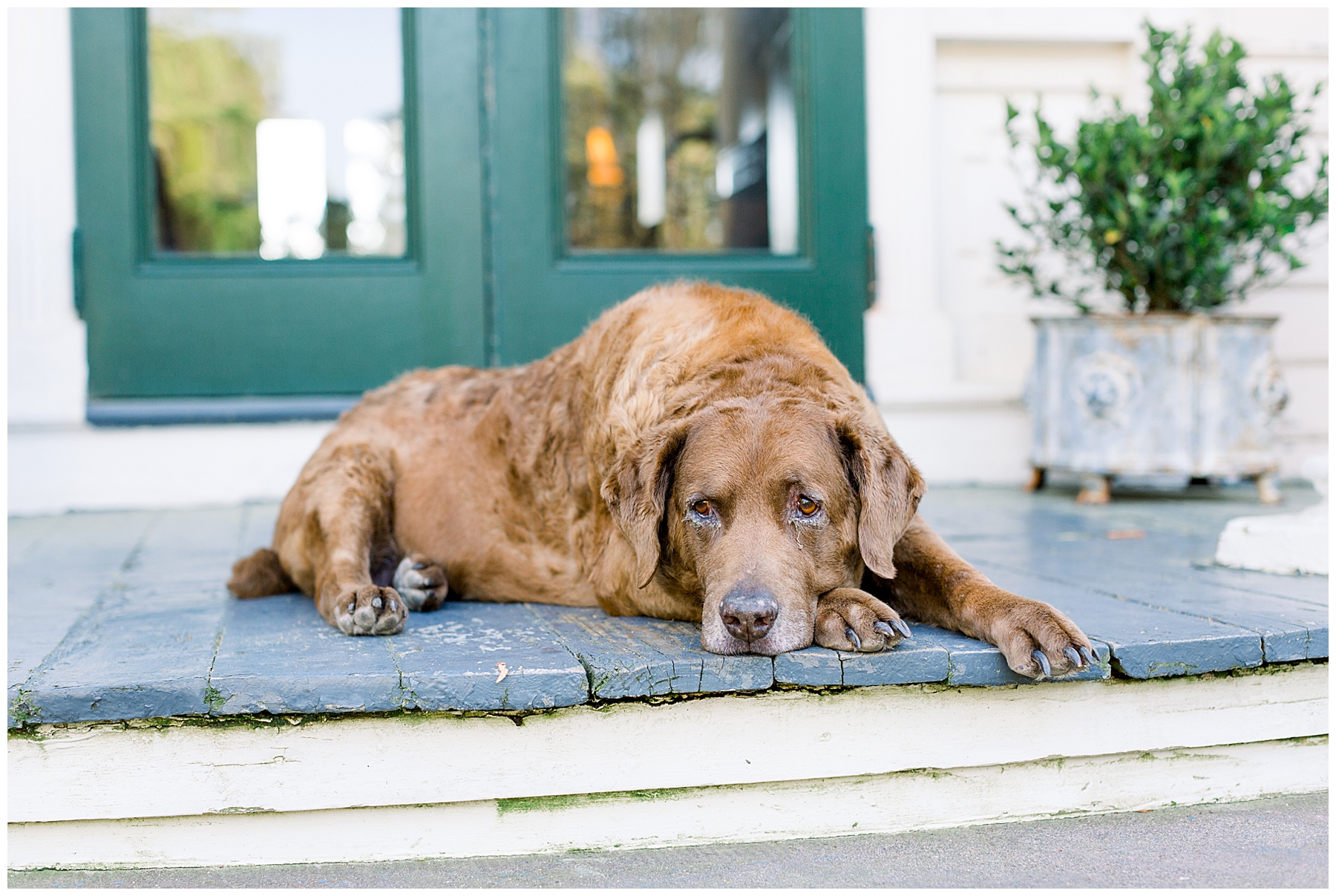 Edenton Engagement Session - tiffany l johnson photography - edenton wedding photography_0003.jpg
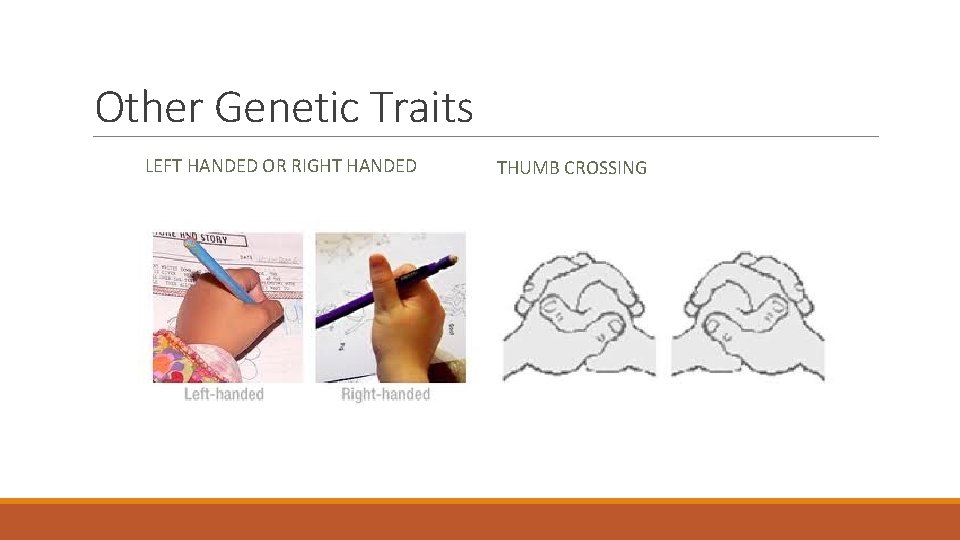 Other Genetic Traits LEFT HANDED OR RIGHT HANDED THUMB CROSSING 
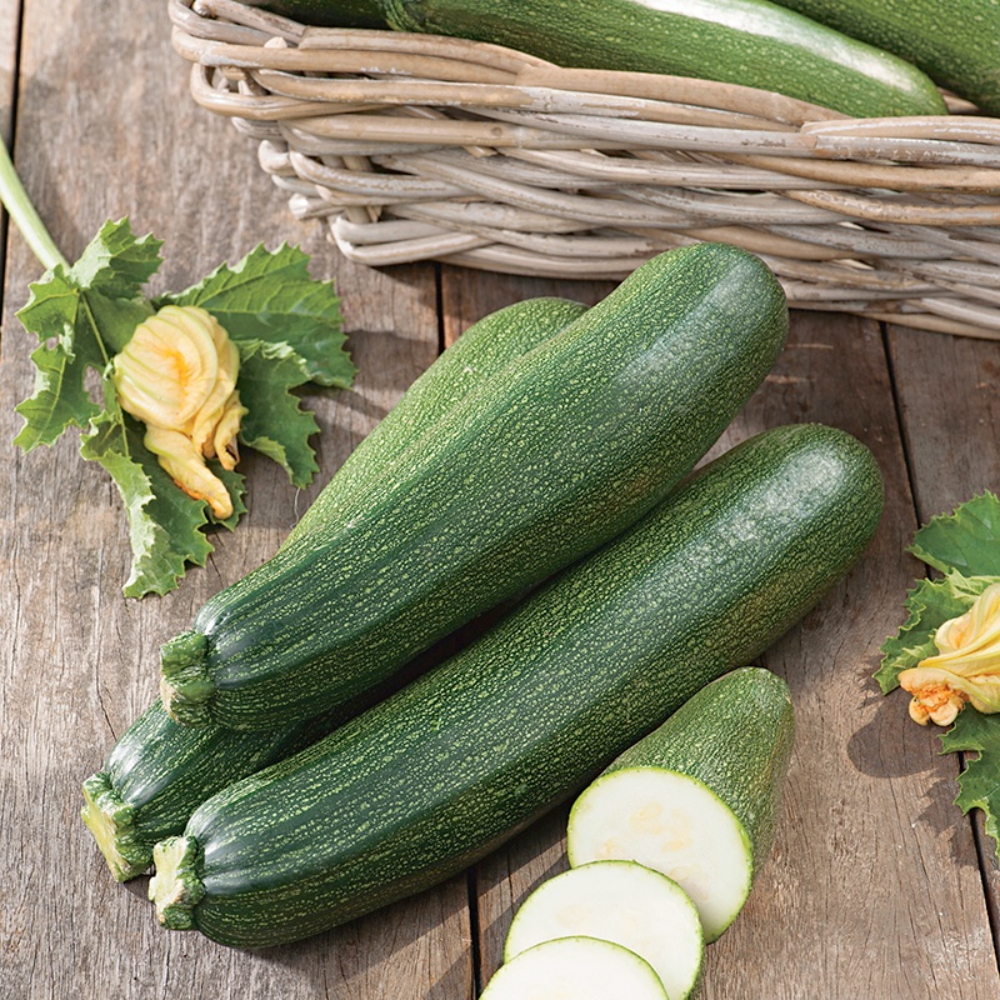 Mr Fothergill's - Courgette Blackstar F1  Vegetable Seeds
+===+
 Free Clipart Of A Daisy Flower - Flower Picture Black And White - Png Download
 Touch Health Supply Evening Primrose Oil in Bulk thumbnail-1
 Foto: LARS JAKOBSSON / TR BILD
+===+
Would you retype the lines above from the one with "Touch Health Supply" down to the one with "Foto: LARS JAKOBSSON / TR BILD", word for word, both ends included and no other lines?

 Touch Health Supply Evening Primrose Oil in Bulk thumbnail-1
 Foto: LARS JAKOBSSON / TR BILD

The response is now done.